In March this year, Spoken Word Educators & Academic Researchers (SWEAR) was established at the UniSlam festival in Birmingham. This is a watershed in the discussion around performance poetry. Given how thriving the scene is, it is amazing it has taken so long. Page-centric poetic dogmas have dominated our educational institutions since English poetry became the subject of formal study two centuries ago.
This has left us without much of a language to describe how professional poet performers can – with the precision of tuning forks – make a crowd shudder with tears, laughter and clenched fists (some early inspirations for me were Mark Gwynn Jones, Benjamin Zephaniah and Kat Francois). Another consequence of this neglect is that pockets of experimentation and expertise get ignored or forgotten. The sub-genre of stand-up poetry, for example, has received almost no discussion, despite the fact that many brilliant artists have dedicated their lives to it (see John Hegley, Rob Auton, Kate Fox and Connor Macleod to name just four).
Such poets didn’t drop out of thin air of course. Stand-up poetry (and UK spoken word more broadly) has deep roots in the alternative cabaret scene of the eighties. Here poetry existed alongside drag acts, comedians, musicians and theatre troops. Anything could happen in alternative cabarets, with costumes, props and a manic experimentation. As Jonny ‘Fluffypunk’ Seagrave remembers:
You’d have things like Ian Saville, the socialist magician…and Randolph the Remarkable who used to pick up a washing up bowl with his stomach…and poetry was part of that…and it certainly wasn’t coming from the canon.
The poetry of alternative cabaret had less of the emotional range and sincerity than we associate with spoken word today. Yet its spirit continued into the nineties and noughties with acts like Rachel Pantechnicon (the comic surrealist drag act of Russell Thompson).
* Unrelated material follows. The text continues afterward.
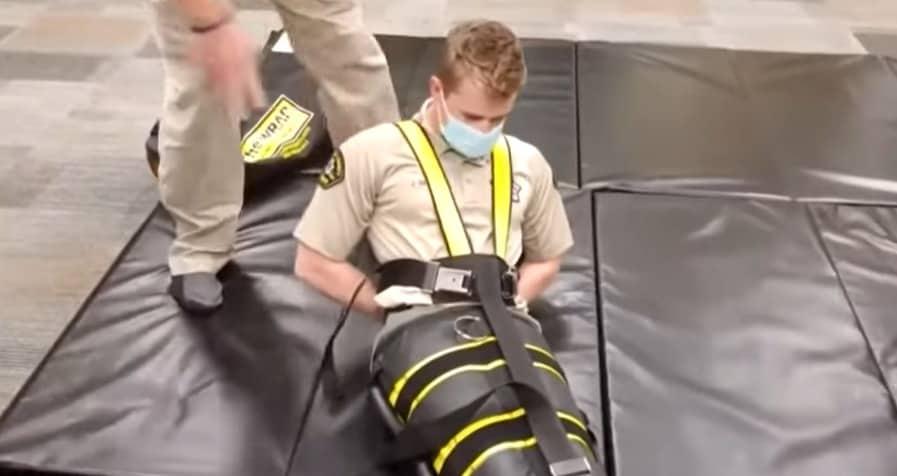 본문 이미지 - 미국 이민단속국(ICE) 요원이 WRAP이라고 불리는 전신 구속 장치 사용의 시범을 보이는 모습. (사진=CBS 시카고 보도 갈무리)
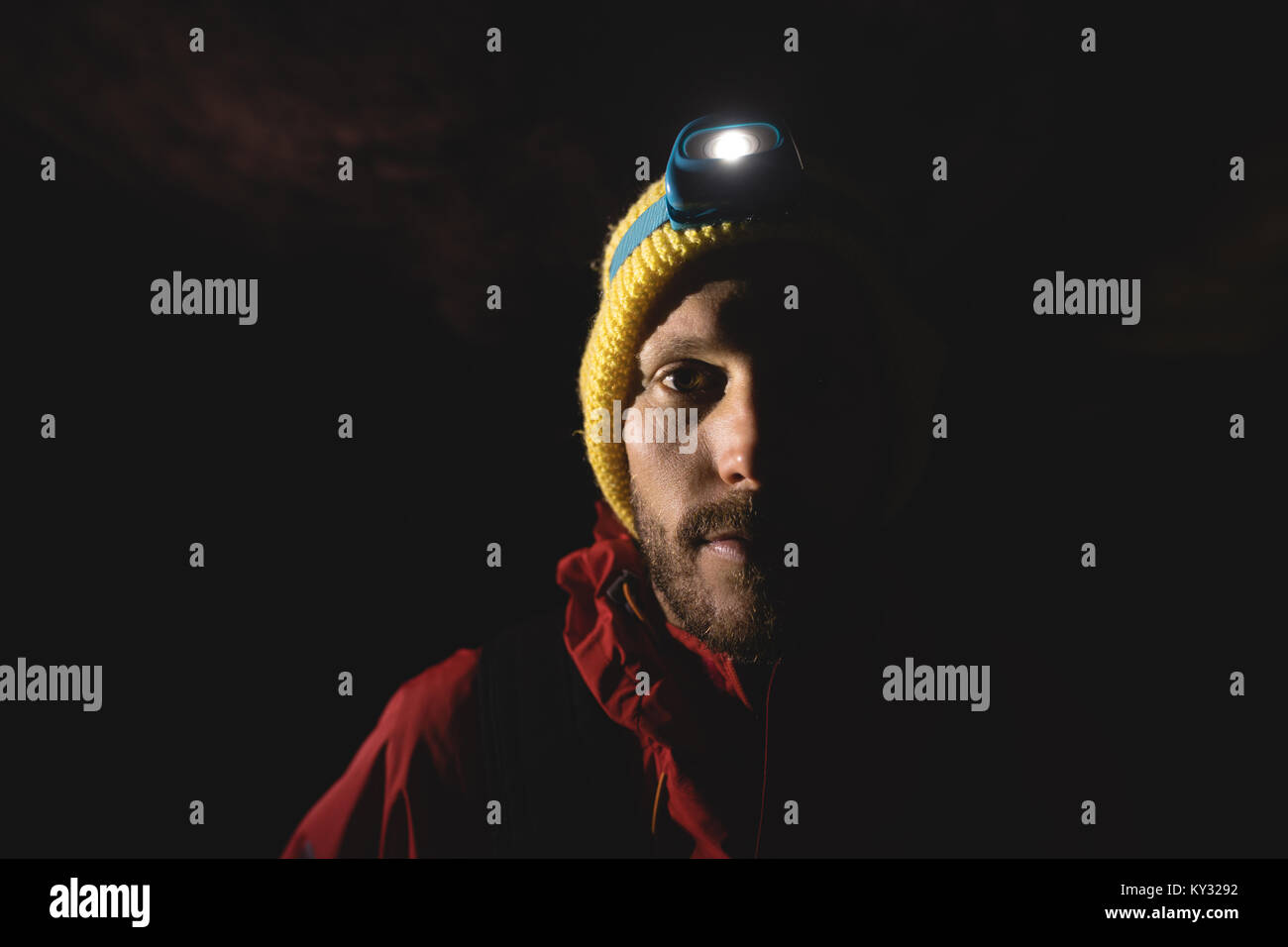 Hiker wearing head torch Stock Photo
Thompson, who served as an Apples and Snakes London Programme Coordinator (and has since gone on to work as an archivist for the scene) laments that spoken word, for all its greatness, has ‘lost some of its experimental edge’.
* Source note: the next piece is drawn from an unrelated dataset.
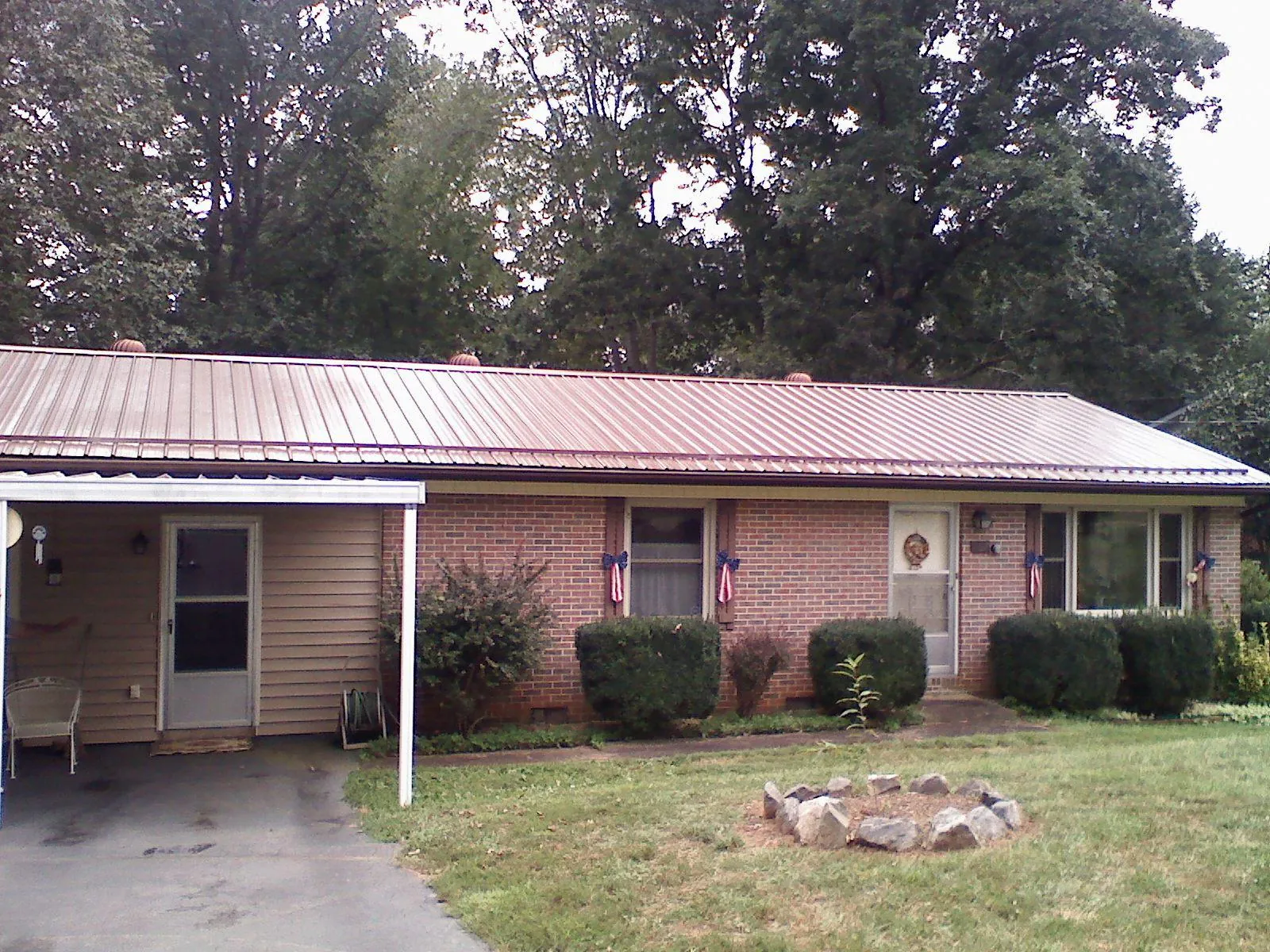 Bronze metal roof and carport on a brick ranch home — Roof Repair work by our crew in Jadwin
There can be no props, costumes and stage personas if we absorb the assumption that poetry is not a performing art.
Could it be that there is too much poetry in spoken word? There can be no props, costumes and stage personas if we absorb the assumption that poetry is not a performing art. The fire-side tradition dissipates into the cerebraliterations of “readings” and “recitals”. The ritual theatrics of shamanistic shape-shifting fall into the darkness.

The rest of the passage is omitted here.